Flinkflow Project Backlog (TODO)
This file is the Single Source of Truth for the Flinkflow project roadmap and task list. It tracks concrete implementations organized by Milestone.
✅ Foundation (Achieved)
Core capabilities already implemented and validated.
⚙️ Core Engine
- YAML Multi-Runtime: Parsing, Flowlet resolution, and Flink DAG generation.
- Polyglot Runtime: In-memory compilation (Janino/Java) and execution (GraalVM/Python/Camel) of dynamic snippets.
- Processor Matrix: Support for
process,filter,flatMap,keyBy,reduce,window,sideOutput, andjoin. - Flowlet System: Parameterized reusable components with K8s CRD discovery.
- Basic Connectors: Kafka (Apache/Confluent), File/S3, DataGen, JDBC, HTTP Sinks.
- Deployment Options: Local script, Docker, and K8s (Manual, Operator, Native, and Pipeline CR).
- Flink 2.2 Migration: Full support for Flink 2.2.0 and the new
OpenContextlifecycle. - Flink State V2: Asynchronous, non-blocking managed state for AI Agents.
🐫 Low-Code & Polyglot
- Python Snippets: Support for inline Python syntax across core steps (GraalVM).
- Camel Expressions: Integration of Camel Simple and JsonPath for declarative logic.
- Camel YAML DSL: Support for complex route fragments and EIPs (Choice, Splitter, etc.) within processors.
- Groovy Integration: High-performance JVM scripting for complex object math.
- XSLT 3.0 DataMapper: Saxon-HE integration for structural transformations.
🛡️ Validation & Observability
- YAML Schema Enforcement: OpenAPI v3 validation for Pipeline and Flowlet CRDs.
- Graph Validation: Detect disconnected DAGs or missing sinks at submission time.
- Advanced Metrics: Native Prometheus/Grafana export with pre-built templates.
- Test Coverage: Comprehensive unit/lifecycle tests for all polyglot runtimes (Java, Python, Camel).
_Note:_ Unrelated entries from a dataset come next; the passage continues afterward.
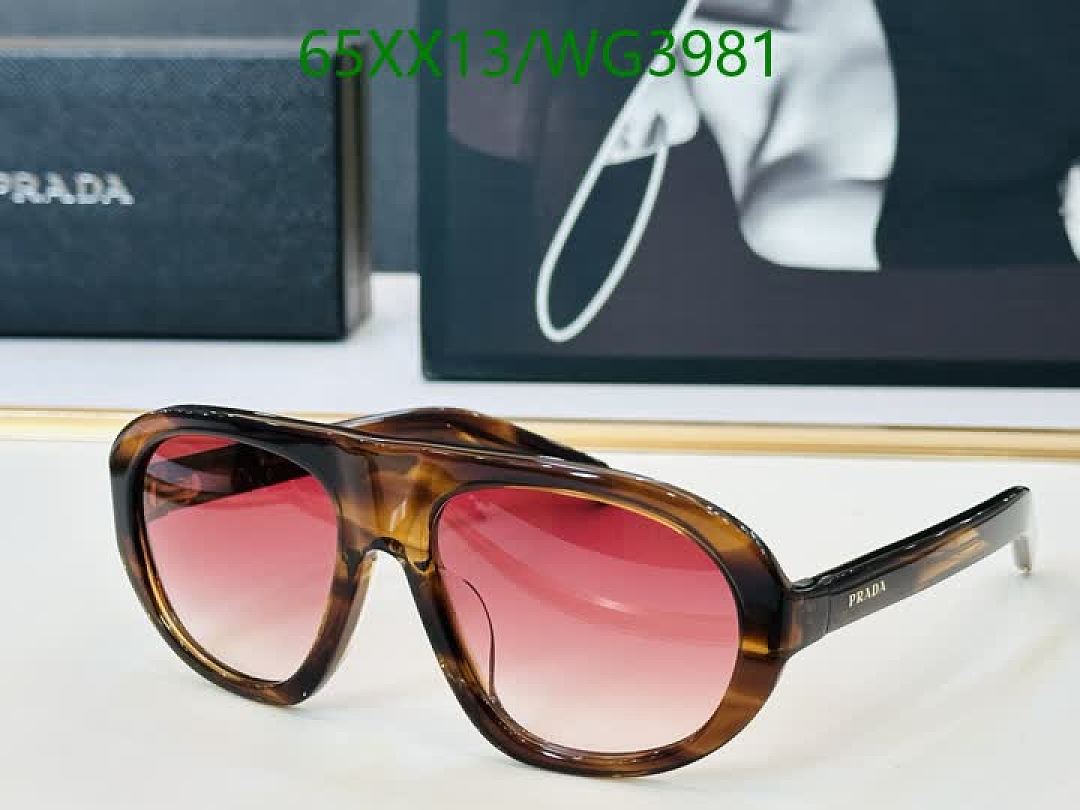Prada-Glasses Code: WG3981 $: 65USD
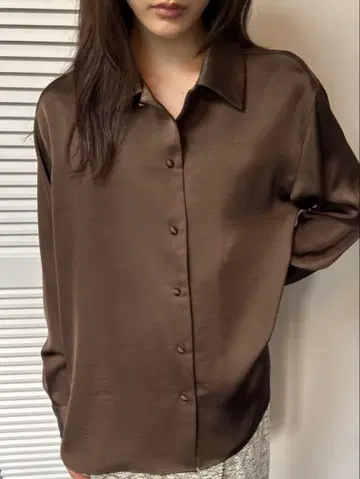 FUULLY STUDIO 새틴 오픈 카라 셔츠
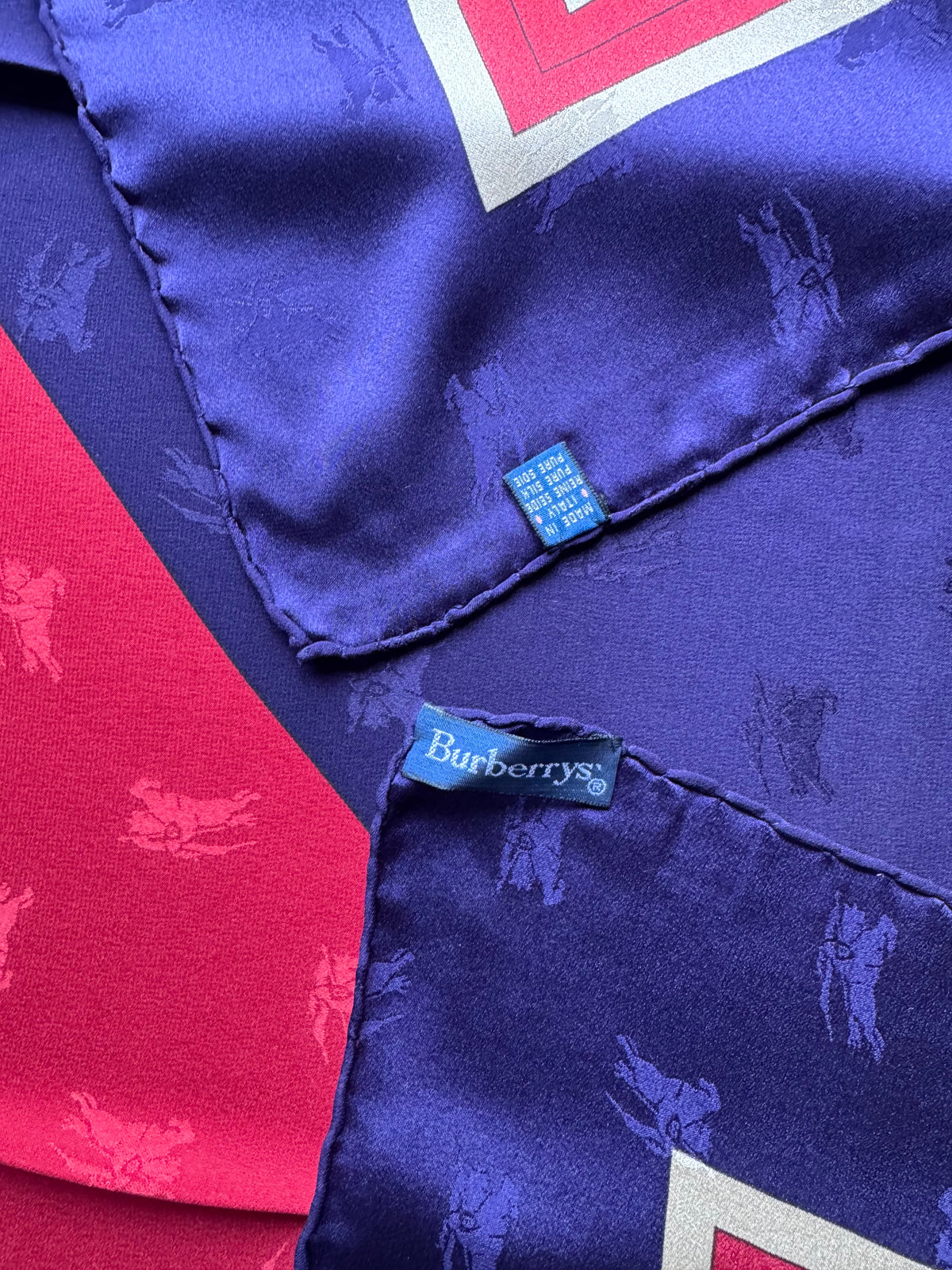 Burberry - Foulard en soie (bleu/bordeaux )
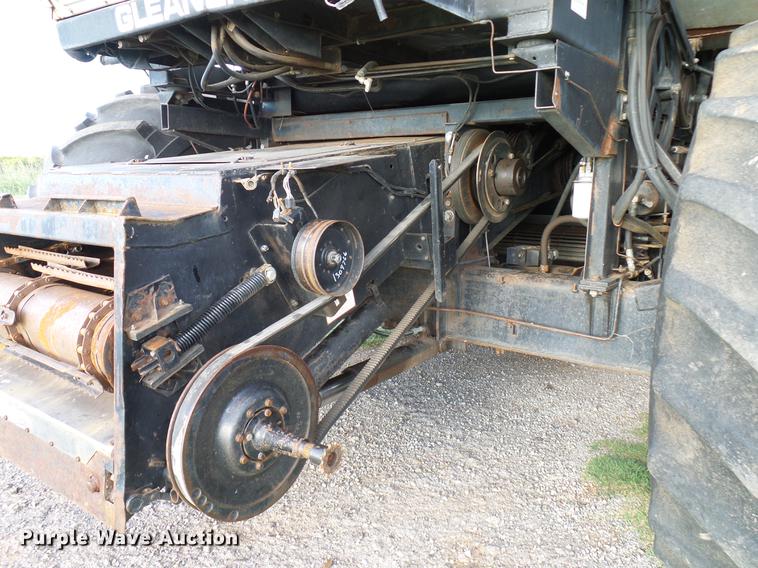 image for item DD8364 Gleaner N7 combine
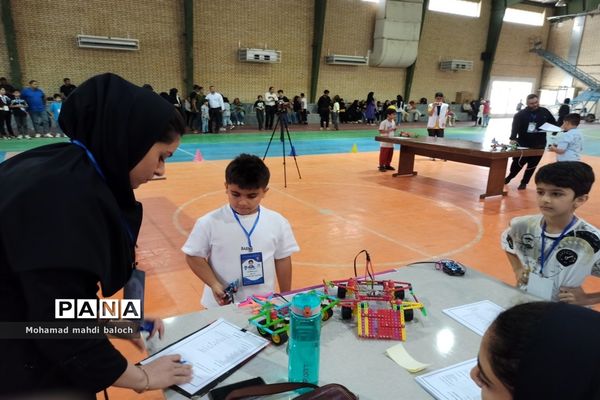 اولین دوره مسابقات رباتیک دانش‌آموزان پسر در آبادان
Line coverage ≥ 80%.
🚀 Milestone 1 — v1.0: Stable Release
Refine the developer and operator experience for standard deployments.
🔐 Safety & Secrets
- Kubernetes Secrets: Resolve
secret:name/keyin Flowlet/Pipeline properties. - Validation Feedback: Improved error messages when YAML/Parameter validation fails.
[!NOTE] Secret Masking & Encryption: To maintain the simplicity of the Apache 2.0 core, advanced field-level encryption and log masking are prioritized for the Flinkflow Enterprise Edition distribution.
[!NOTE] Helm Chart — deferred to v2.0. The current
kubectl-apply workflow (CRDs + RBAC + ConfigMap) is sufficient forv0.9-xandv1.0early adopters. A Helm chart adds significant maintenance overhead (values schema, templating, upgrade hooks, chart tests) that is not justified until the installation surface stabilises. See Milestone 3 for the planned chart scope.
🌐 Milestone 2 — v1.5: Ecosystem & Lifecycle
Broaden connectivity and manage the full pipeline lifecycle.
🔌 New Connectors (Flowlet Catalog)
- Sources: Debezium (CDC), MongoDB Change Streams, MQTT, Pulsar, HTTP Polling, AWS Kinesis.
- Sinks: ClickHouse, Pinecone (Vector), ElasticSearch, OpenSearch.
- Universal Wrap: Re-implement all core connectors as standard templates in the Flowlet catalog.
📦 Management & State
- Flowlet Versioning: Support for semver pinning in pipeline definitions (e.g.,
version: "1.2.0").
🐫 Advanced Camel Features
- Side Output Support: Ability to emit to multiple streams directly from Camel logic.
- Join Function Support: Bridging Flink's
ProcessJoinFunctionto the Camel YAML DSL (v2). - Flink State Access: Exposing Flink's managed state (ValueState, ListState) as Camel headers.
🎨 Milestone 3 — v2.0: Platform & Enterprise
Self-service platform with agentic developer tools and governance.
🛡️ Governance & Compliance
- Secret Auditing: Implementation of job-level audit logs for secret resolution.
- Quota Management: Per-namespace resource limits (parallelism, max jobs).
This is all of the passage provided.